At the same time, if you don't own the majority of the nodes in your chain, you will lose value. A lot of value. Imagine a chain 5 nodes long that you're wanting to move value down. You own 100% of your home / collection node and the adjacent node. You also own the majority of the source node and its adjacent node. However, while you have a couple ports and some ships in that central node in the middle of the chain, you only have 15% of the total trade power (perhaps because many small nations in that node exist and are collecting / moving trade another direction).

This theoretical trade nation will fail to transfer the majority of the trade from that node on to their capital; most of it will instead remain there or forward elsewhere, enriching local nations and competitors. All that work you've put in upstream to create trade value and move those goods across the seas will be magically obliterated in this central node. This is especially bizarre if you have a couple port provinces and some ships there. Where are those goods going? Why are they being straight-up robbed from you without even having privateers involved? Why can't you just use those ships and provinces to forward on most of that value that you brought in to begin with?

So, with trade, you have to dominate every single node in a chain just to forward the value of goods. If you don't do this you get basically nothing. But once you do pull this off, your income is absolutely ridiculous.

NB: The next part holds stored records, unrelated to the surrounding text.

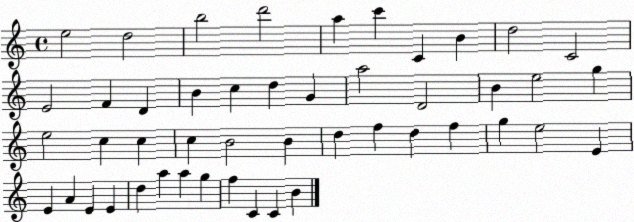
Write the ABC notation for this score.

X:1
T:Untitled
M:4/4
L:1/4
K:C
e2 d2 b2 d'2 a c' C B d2 C2 E2 F D B c d G a2 D2 B e2 g e2 c c c B2 B d f d f g e2 E E A E E d a a g f C C B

This all-or-none trade game should end. I should be able to colonize West Pacific islands as Portugal, have a few ports dotted around Africa and a fleet of ships, and bring all those West Pacific goods to my homeland. But I shouldn't get the benefit of all those African goods at the same time unless I stop and invest heavily in controlling that region as well (and that should require more resources). And you shouldn't be required to form massive blobbing empires just to build trade routes!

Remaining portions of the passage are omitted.